I claim that this is the Best Song in the World within my egocentric predicament. I don’t care that you disagree. You have no way to change that. You could very well be right, you could have analyzed every song and believe you have found the objectively best answer, and I still wouldn’t care.

Because I probably wouldn’t like it as much as I like “Stella.” Because it wouldn’t be the song I listened to back then in my parent’s living room, watching a StarCraft stream, lost in a moment where drums and violins and piano overtook my consciousness, told a blissful story without a word.

Kashiwa Daisuke also made the wonderful piano music to the beautiful "Garden of Words"

Because our beliefs and opinions are shaped as much by the events we experience as the context we experience them in—if not more. The way I discovered it is part of the song—the story I tell about it is part of why I love it.

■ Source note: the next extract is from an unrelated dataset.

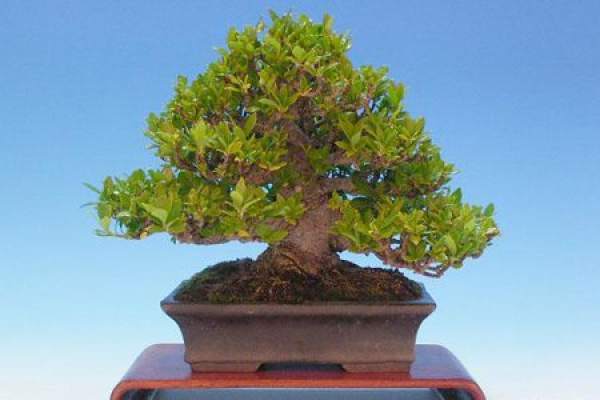 Gardenia bonsai upper pot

Because, really, what it comes down to is the fact that this song changed my life.

I am a different person for having discovered this song. Afterwards, I was looking for something different in music, something I didn’t even know existed before I heard this song. My entire language about what I appreciated in music changed around this one song. It was no longer about melody, but about story. By which I don’t mean lyrics.

I realized that what I liked wasn’t just soundtracks, it was instrumental music. It was atmospheres, spaces, movements, dances of instruments that weave together and change, and tell something. Tell a story through tone, harmony, chaos, and movement. It doesn’t just find a good beat and stick with it (and there are plenty songs I really like that do just that), but it moves through valleys and up cliffs. It breaks down and becomes chaotic, loses its way before finding a way home. If that isn’t a story, I’ve misunderstood something.

I’ve since realized that all my favorite songs do this.

There's the man himself.

And that’s why it’s the Best Song in the World. Because the moment is what matters. The story I’ve built up around this song is everything I need it to be. I claim it is the best song because it is the place upon which I lay myself to rest: What I like stems from this one place. This is the source of who I am.

And it probably won’t be yours. I can tell you it’s good (I hope I have by now), I can say you should listen to it. But most people will probably give up within the first two minutes, and I almost wouldn’t blame them? It is a difficult song to listen to. I can’t listen to it all the time. I rarely carve out the 35 minutes I need to just sit and listen. I can’t listen to it while I write, while I work, while I need to think. It demands too much attention.

But when I do listen, I fly.




As an epilogue, I’m writing this because I just saw the most exciting announcement I have seen in a long long time.
Stella is from an album called “Program Music I”, from 2007. It's an album of two songs, Stella and this. Outside of that, and its predecessor “April.#02”, he hasn’t made music exactly like it ever since.
He’s made glitch, IDM, neoclassical, pure piano music, pseudo-pop, and post-rock, but it has been 9 YEARS since he made anything like Stella.

Until this announcement:

KASHIWA Daisuke is making a Program Music II.


Program Music II is coming on April the 23rdrd~!

!!!!!!! :D

Consider me extremely, extremely excited. You have no idea.

This is all I want. And there’s a lot of cool things happening in April.

Man, I feel like there's so much I haven't written yet. I think I could write five blogs about this one song.